Importantly, violence never helped the Muslim cause. On the contrary, it has only reinforced the stereotype amongst other citizens that Muslims are a violent community. That narrative is then used to justify violence – past or present – against the community. In addition, communal passions are further roused with acts of violence such as in Malda. The statement by Kamlesh Tiwari did not directly or indirectly affect the question of Muslim survival or act as an impediment to the exercise of their  fundamental rights. But it was still blown up into large-scale violence. Muslims, represented by the particular group in Malda, had no qualms about taking the law into their hands when their religion/religious laws/holy book/revered personality was disgraced.
There can be no denying the fact that the Muslim community is heterogeneous, consisting of many sects.

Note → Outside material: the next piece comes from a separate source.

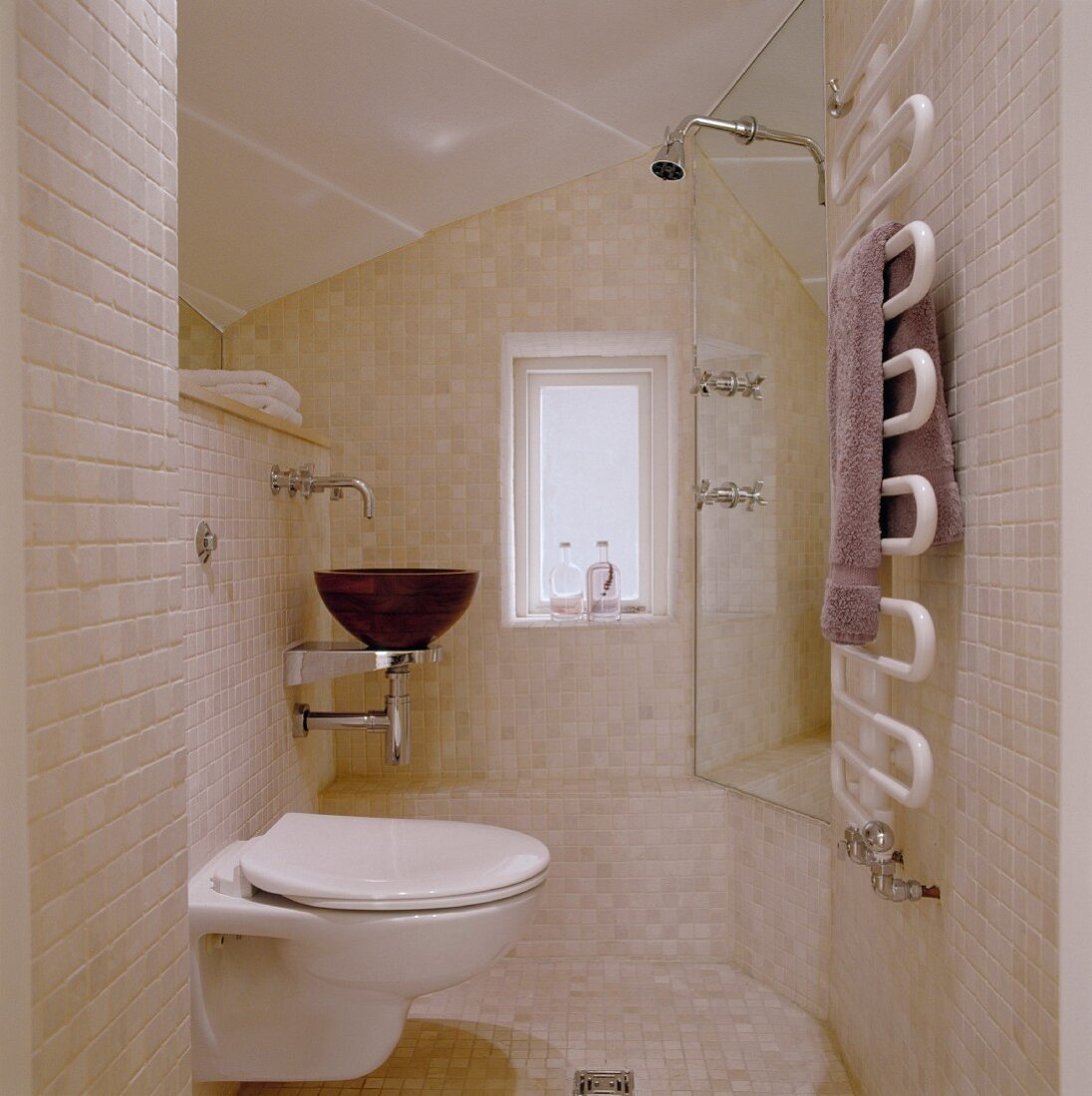 Gefliestes Bad mit hellen Wandfliesen und WC neben Waschtisch mit Waschschüssel aus Holz gegenüber der Duschkabine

But at the same time, the community becomes a silent spectator when their education reservation is taken away, when their educated youth are falsely implicated in terror cases, or when activist-lawyer Shahid Azmi – a messiah for the young men who were falsely implicated in terror cases – is killed. Perhaps one is expecting too much from the community to come out in solidarity with Rohith Vemula or Kanhaiya Kumar.
Precious opportunities missed
It would be disheartening to see the community extending support to the JNU protestors only after the detention of Umar Khalid. What with the present trend of creating a punching bag where a Muslim name is involved, one wonders whether the community would even come out in support of Umar, since the matter does not concern Islam or Allah.
As they witness the branding of Umar as traitor and religious fundamentalist on prime-time news, Muslims must ask themselves whether they can afford to lose one more opportunity of making a statement addressed to the state apparatus – that they are in complete solidarity with other dispossessed communities and individuals, who are victims of the same oppression inflicted by the present and the former governments.
The worrying question is: when the main agenda today is not just to arrest Kanhaiya or Umar or throw Rohith out of the hostel, but to assail free thought, speech and action – how much injustice needs to be suffered before Muslims wake up?
Shadab Arab is a research associate at the Tata Institute of Social Sciences, Mumbai.